Hello. I am trying to reproduce some algorithms or experiments, to record some data. But some expectation happens, nan is generated for some unknown reasons. Any advice to solve?

To Reproduce

python -u ../../rl-baselines3-zoo-master/train.py --algo sac --env AntBulletEnv-v0 --n-timesteps 20000000 --tensorboard-log tf-logs
python -u ../../rl-baselines3-zoo-master/train.py --algo sac --env HalfCheetahBulletEnv-v0 --n-timesteps 20000000 --tensorboard-log tf-logs
python -u ../../rl-baselines3-zoo-master/train.py --algo tqc --env AntBulletEnv-v0 --n-timesteps 20000000 --tensorboard-log tf-logs
python -u ../../rl-baselines3-zoo-master/train.py --algo tqc --env HalfCheetahBulletEnv-v0 --n-timesteps 20000000 --tensorboard-log tf-logs

Relevant log output / Error message

python -u ../../rl-baselines3-zoo-master/train.py --algo sac --env AntBulletEnv-v0 --n-timesteps 20000000 --tensorboard-log tf-logs
Traceback (most recent call last):
  File "/share/home/zhangjundong/exp/sac-AntBulletEnv-v0/../../rl-baselines3-zoo-master/train.py", line 4, in <module>
    train()
  File "/share/home/zhangjundong/rl-baselines3-zoo-master/rl_zoo3/train.py", line 272, in train
    exp_manager.learn(model)
  File "/share/home/zhangjundong/rl-baselines3-zoo-master/rl_zoo3/exp_manager.py", line 240, in learn
    model.learn(self.n_timesteps, **kwargs)
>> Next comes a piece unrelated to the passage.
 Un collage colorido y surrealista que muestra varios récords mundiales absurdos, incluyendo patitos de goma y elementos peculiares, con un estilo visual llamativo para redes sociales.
  File "/share/home/zhangjundong/stable-baselines3-master/stable_baselines3/sac/sac.py", line 307, in learn
    return super().learn(
  File "/share/home/zhangjundong/stable-baselines3-master/stable_baselines3/common/off_policy_algorithm.py", line 347, in learn
    self.train(batch_size=self.batch_size, gradient_steps=gradient_steps)
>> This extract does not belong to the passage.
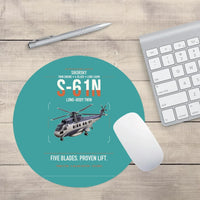 Thumbnail for Sikorsky S-61N design on turquoise round mouse pad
  File "/share/home/zhangjundong/stable-baselines3-master/stable_baselines3/sac/sac.py", line 219, in train
    self.actor.reset_noise()
  File "/share/home/zhangjundong/stable-baselines3-master/stable_baselines3/sac/policies.py", line 145, in reset_noise
    self.action_dist.sample_weights(self.log_std, batch_size=batch_size)
  File "/share/home/zhangjundong/stable-baselines3-master/stable_baselines3/common/distributions.py", line 508, in sample_weights
    self.weights_dist = Normal(th.zeros_like(std), std)
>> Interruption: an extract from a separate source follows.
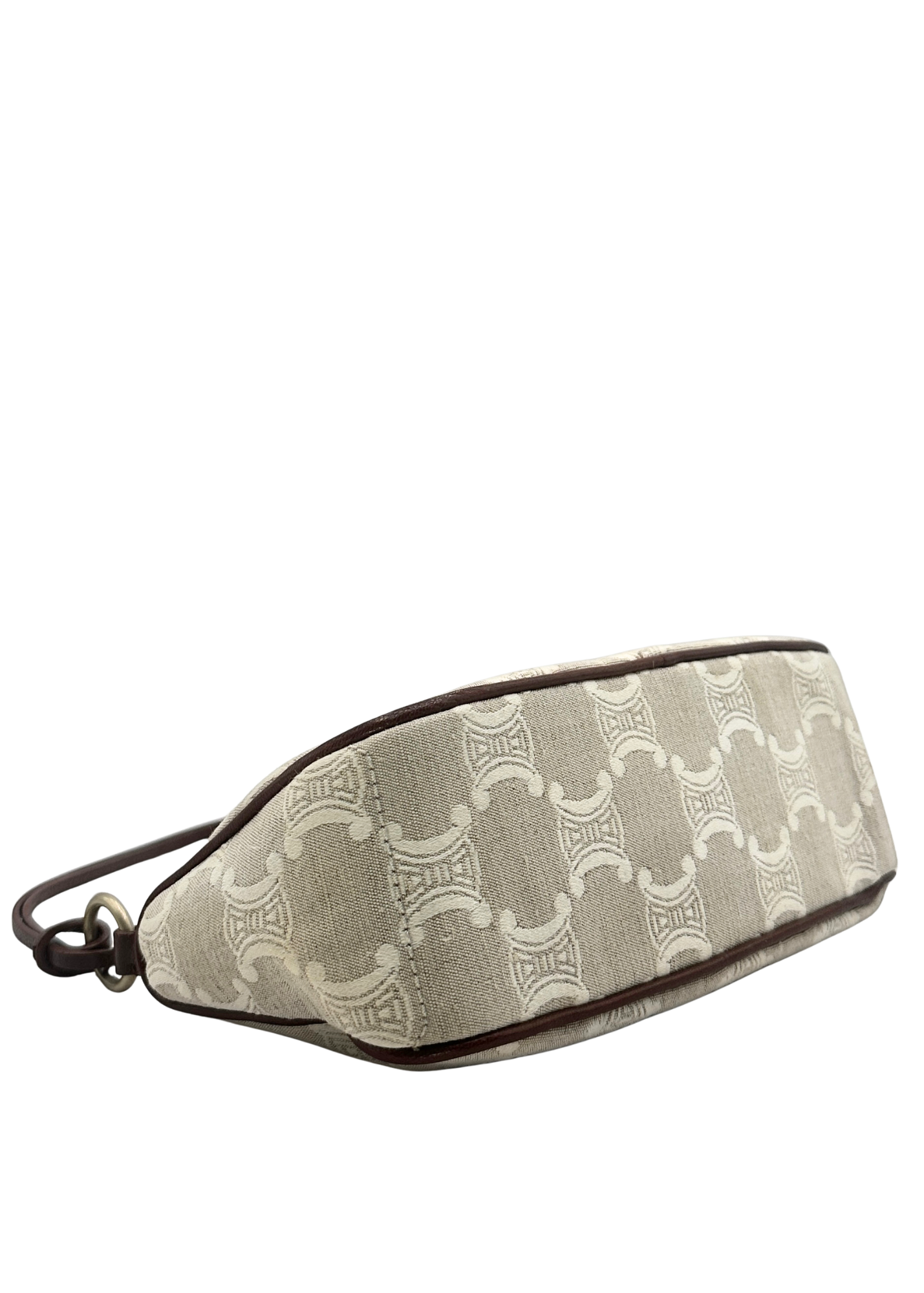Cream canvas Celine pochette with brown leather straps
  File "/share/home/zhangjundong/.local/lib/python3.9/site-packages/torch/distributions/normal.py", line 56, in __init__
    super().__init__(batch_shape, validate_args=validate_args)
  File "/share/home/zhangjundong/.local/lib/python3.9/site-packages/torch/distributions/distribution.py", line 68, in __init__
    raise ValueError(
ValueError: Expected parameter scale (Tensor of shape (300, 8)) of distribution Normal(loc: torch.Size([300, 8]), scale: torch.Size([300, 8])) to satisfy the constraint GreaterThan(lower_bound=0.0), but found invalid values:
tensor([[nan, nan, nan,  ..., nan, nan, nan],
        [nan, nan, nan,  ..., nan, nan, nan],
        [nan, nan, nan,  ..., nan, nan, nan],
        ...,
        [nan, nan, nan,  ..., nan, nan, nan],
        [nan, nan, nan,  ..., nan, nan, nan],
        [nan, nan, nan,  ..., nan, nan, nan]], device='cuda:0',
       grad_fn=<ExpBackward0>)
python -u ../../rl-baselines3-zoo-master/train.py --algo sac --env HalfCheetahBulletEnv-v0 --n-timesteps 20000000 --tensorboard-log tf-logs
Traceback (most recent call last):
  File "/share/home/zhangjundong/exp/sac-HalfCheetahBulletEnv-v0/../../rl-baselines3-zoo-master/train.py", line 4, in <module>
    train()
  File "/share/home/zhangjundong/rl-baselines3-zoo-master/rl_zoo3/train.py", line 272, in train
    exp_manager.learn(model)
  File "/share/home/zhangjundong/rl-baselines3-zoo-master/rl_zoo3/exp_manager.py", line 240, in learn
    model.learn(self.n_timesteps, **kwargs)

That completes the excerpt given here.